I do the upper body exercises on Mondays, Wednesdays, and Fridays, and then the leg exercises on Tuesdays, Thursdays, and Saturdays. One set of ten repetitions is all that is needed for the self-resistance exercises. For the body weight exercises, do one set of as many repetitions as you feel you can handle. The deep breathing and stretching exercises can be done daily if you choose to do so. If the mood strikes, it certainly won’t hurt to do some or all of the stretching exercises a couple more times in a day. You can pick and choose. I find myself doing most of the stretching exercises a few times a day, simply because I feel an urge to do so.

SETS - You can do sets if you choose to. In otherwords, do an exercise once and then repeat it. This applies to the isotonic exercises only.
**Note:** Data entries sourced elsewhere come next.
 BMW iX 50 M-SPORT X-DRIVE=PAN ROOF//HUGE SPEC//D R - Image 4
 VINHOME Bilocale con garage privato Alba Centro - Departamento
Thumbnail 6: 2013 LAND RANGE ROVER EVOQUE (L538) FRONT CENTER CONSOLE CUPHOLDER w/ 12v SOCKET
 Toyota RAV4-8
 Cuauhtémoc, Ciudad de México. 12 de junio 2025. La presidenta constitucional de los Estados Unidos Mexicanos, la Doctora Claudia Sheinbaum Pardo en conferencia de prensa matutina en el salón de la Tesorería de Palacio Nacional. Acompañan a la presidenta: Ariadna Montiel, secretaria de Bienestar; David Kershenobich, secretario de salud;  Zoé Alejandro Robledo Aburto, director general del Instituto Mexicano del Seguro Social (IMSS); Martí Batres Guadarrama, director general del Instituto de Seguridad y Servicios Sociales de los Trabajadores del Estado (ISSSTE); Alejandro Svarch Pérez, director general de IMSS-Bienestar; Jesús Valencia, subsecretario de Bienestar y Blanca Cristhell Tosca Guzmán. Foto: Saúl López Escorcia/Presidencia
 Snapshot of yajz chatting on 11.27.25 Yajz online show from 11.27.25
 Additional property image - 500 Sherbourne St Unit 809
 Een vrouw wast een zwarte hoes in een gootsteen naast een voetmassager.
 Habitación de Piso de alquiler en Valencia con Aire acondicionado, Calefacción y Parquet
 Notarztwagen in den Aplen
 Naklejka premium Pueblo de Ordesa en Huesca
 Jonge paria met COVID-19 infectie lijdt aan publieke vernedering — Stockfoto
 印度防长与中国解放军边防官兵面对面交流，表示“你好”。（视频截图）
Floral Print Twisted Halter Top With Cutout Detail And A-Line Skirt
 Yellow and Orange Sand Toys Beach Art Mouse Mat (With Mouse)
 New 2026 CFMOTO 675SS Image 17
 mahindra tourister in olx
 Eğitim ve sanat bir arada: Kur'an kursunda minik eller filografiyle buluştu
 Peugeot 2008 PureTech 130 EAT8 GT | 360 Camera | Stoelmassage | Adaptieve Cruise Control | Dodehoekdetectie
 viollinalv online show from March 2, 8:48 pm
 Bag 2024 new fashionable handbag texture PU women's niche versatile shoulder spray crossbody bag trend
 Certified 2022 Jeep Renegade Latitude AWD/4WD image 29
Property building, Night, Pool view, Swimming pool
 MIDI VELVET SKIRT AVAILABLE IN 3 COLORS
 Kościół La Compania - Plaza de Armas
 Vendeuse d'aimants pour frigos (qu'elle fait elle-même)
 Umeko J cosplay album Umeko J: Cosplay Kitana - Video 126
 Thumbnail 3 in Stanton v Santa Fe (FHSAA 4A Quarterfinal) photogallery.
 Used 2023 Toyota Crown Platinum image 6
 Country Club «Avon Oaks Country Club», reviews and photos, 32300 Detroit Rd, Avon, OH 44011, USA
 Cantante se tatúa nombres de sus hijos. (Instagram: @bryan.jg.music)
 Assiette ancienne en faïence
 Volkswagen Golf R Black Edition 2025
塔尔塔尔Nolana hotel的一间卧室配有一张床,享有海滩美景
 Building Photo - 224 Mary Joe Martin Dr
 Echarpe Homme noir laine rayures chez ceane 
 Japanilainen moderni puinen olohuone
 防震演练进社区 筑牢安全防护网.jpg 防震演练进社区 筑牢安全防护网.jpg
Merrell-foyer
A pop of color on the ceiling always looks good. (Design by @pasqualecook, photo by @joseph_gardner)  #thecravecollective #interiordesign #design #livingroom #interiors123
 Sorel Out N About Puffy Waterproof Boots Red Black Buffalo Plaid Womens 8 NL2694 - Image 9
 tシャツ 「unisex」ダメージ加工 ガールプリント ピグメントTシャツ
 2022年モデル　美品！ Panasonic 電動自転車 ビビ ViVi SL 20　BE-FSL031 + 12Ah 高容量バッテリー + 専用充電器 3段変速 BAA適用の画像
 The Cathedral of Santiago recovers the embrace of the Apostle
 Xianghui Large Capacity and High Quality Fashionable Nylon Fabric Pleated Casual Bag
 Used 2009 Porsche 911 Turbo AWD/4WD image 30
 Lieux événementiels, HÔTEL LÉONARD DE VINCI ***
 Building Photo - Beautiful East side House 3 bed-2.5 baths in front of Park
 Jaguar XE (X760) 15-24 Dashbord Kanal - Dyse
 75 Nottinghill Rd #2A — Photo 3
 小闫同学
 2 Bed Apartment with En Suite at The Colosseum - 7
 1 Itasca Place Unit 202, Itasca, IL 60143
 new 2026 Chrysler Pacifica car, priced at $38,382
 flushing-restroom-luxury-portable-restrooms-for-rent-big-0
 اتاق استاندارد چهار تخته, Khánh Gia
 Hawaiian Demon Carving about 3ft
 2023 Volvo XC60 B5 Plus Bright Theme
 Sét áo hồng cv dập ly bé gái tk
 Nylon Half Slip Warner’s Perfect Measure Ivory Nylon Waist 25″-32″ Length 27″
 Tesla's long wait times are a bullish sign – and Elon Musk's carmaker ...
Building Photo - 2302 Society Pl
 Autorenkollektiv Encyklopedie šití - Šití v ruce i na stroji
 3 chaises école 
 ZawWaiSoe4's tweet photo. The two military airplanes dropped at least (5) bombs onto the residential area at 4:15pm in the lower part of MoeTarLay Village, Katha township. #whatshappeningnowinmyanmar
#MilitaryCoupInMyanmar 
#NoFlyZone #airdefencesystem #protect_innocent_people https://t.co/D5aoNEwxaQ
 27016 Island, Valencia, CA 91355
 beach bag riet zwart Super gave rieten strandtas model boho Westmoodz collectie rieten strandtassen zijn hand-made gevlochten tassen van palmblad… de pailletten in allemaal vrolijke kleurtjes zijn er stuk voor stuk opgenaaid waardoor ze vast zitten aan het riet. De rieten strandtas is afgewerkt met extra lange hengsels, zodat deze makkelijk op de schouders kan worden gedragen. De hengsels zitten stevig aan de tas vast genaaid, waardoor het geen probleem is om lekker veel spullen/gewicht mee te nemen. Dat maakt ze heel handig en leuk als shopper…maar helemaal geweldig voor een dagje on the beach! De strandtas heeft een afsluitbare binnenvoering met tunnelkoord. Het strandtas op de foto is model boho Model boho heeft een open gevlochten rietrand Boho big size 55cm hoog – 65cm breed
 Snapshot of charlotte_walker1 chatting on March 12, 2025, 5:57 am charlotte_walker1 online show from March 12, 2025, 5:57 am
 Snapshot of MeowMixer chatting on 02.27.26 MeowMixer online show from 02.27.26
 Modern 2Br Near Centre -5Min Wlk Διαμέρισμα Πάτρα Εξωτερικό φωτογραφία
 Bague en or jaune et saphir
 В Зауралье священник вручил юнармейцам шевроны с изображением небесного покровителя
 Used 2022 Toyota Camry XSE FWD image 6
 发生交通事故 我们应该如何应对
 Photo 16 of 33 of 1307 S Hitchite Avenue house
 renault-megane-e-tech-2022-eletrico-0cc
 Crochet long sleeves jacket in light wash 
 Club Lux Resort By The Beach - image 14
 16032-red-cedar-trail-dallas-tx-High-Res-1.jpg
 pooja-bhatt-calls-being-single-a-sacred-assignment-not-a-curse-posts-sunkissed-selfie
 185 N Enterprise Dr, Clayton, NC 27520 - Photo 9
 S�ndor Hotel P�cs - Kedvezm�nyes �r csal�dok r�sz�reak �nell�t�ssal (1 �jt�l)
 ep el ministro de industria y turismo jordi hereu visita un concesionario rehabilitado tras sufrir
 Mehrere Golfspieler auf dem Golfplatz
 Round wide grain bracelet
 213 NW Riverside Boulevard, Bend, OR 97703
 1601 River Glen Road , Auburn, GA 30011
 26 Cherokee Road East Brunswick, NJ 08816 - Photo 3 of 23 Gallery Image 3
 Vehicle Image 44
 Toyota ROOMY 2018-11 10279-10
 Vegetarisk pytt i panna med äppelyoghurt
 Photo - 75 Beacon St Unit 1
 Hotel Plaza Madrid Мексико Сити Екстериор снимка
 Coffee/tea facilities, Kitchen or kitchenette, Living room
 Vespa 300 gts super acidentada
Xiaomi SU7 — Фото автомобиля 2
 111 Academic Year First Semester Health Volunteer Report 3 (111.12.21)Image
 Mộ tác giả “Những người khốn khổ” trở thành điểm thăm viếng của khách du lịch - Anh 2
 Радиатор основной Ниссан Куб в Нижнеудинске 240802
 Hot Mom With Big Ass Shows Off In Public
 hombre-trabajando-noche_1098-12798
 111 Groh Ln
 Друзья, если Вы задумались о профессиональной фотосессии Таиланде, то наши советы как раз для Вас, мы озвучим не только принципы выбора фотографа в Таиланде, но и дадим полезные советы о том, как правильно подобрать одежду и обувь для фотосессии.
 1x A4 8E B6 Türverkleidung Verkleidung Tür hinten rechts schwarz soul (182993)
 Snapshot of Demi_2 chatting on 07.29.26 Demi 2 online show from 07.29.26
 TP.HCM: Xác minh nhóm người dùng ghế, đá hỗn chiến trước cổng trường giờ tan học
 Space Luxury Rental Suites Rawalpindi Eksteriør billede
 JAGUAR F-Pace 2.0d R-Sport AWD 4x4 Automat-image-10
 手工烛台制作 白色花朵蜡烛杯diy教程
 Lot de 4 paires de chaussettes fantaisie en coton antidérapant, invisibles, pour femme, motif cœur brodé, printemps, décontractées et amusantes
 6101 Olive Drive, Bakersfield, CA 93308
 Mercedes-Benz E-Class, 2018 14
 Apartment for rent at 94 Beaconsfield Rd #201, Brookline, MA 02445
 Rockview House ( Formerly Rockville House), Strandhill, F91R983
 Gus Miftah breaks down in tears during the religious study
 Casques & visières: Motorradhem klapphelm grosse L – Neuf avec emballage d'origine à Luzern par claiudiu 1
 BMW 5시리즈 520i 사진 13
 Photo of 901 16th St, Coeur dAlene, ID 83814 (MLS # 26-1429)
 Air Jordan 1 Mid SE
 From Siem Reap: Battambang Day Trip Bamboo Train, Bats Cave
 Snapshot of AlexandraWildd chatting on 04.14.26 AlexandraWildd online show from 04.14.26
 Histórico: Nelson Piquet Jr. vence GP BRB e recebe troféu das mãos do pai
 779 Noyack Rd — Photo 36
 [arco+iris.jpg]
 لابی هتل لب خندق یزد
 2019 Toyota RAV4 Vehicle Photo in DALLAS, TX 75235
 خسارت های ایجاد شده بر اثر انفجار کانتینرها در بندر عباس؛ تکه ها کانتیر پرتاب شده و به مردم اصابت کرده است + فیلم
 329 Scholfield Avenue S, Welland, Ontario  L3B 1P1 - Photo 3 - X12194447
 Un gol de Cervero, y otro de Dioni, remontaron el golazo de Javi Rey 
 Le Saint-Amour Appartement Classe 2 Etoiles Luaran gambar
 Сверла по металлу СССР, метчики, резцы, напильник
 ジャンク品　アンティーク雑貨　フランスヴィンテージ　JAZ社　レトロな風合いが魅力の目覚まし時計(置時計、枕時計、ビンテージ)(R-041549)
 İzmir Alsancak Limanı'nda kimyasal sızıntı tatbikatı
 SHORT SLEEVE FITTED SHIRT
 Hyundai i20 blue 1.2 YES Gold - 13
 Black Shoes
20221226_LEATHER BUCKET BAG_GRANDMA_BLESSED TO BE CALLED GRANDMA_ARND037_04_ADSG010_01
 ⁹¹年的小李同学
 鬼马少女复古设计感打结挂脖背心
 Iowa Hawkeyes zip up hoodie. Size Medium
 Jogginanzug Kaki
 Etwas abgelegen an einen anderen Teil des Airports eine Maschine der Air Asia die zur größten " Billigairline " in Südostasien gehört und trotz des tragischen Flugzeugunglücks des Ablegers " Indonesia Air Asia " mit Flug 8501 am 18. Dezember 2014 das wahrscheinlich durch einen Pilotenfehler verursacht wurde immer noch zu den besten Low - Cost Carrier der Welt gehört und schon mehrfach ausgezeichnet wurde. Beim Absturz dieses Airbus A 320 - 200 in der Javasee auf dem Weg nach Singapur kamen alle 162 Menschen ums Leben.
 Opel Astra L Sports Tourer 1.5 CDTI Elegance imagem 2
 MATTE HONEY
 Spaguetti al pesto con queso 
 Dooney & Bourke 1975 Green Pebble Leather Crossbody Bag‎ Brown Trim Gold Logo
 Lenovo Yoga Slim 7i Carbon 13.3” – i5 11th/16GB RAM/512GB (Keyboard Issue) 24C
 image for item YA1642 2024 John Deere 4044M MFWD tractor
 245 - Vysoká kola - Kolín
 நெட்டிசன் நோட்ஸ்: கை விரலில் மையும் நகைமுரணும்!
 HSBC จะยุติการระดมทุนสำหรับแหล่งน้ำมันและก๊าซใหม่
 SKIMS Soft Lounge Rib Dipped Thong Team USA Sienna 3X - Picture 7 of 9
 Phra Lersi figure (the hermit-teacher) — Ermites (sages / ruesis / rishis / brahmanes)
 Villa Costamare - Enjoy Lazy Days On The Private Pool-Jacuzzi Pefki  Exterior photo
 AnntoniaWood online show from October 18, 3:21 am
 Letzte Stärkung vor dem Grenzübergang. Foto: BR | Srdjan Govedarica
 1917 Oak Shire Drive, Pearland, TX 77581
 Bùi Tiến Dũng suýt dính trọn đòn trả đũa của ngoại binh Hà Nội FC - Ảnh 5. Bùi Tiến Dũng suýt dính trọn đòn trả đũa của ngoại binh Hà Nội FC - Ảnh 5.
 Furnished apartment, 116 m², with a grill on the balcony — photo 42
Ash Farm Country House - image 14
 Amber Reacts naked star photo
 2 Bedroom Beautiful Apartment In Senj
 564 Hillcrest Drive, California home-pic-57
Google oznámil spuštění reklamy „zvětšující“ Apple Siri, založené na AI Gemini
You could select a few choice exercises and do a second set of each one. For example, if upper arm development is of primary interest to you, you might want to do a second set of TR-6 and BI-2 (in the Arms category). If you do this, then perform the related isometrics only at the end the second set. Performing isometrics more than once or holding them for longer than 10 seconds has no further effect.

Consistency is the key. By integrating these exercises into your daily routine and performing them faithfully week after week, and month after month, your muscles will dramatically strengthen and grow!

Why Zen?

Zen is the Oriental philosophy, or more accurately, the state of being, of total control. It is the ability to perform tasks effortlessly. For example, a Zen Archer can place an arrow in its mark without conciously attempting to do so. The physical task of drawing the bow, aiming, and letting fly the arrow becomes irrelevant as the Zen master, the arrow, and the target become as one. Anyone who shoots a good game of pool knows this heightened state of being. In this same manner, performing these exercises becomes as much an exercise in mind control as it does a physical activity. As you do these exercises more and more, you will develop an inner memory of how these exercises should feel when performed to maximum effectiveness. Rather than consciously applying pressure with the resistance limb, you will be able to virtually let it go limp, thinking of it as a 'dead weight', and it will virtually take on a life of its own, becoming an object almost impossible to lift. You will also find that your ability to focus will become more and more acute, and thinking your muscles into further growth will become as much a part of the exercises as the physical aspects of the exercises, themselves. Because you are using your own body to develop your own body, the whole routine becomes as much an exercise in meditation as it is an exercise in building muscle.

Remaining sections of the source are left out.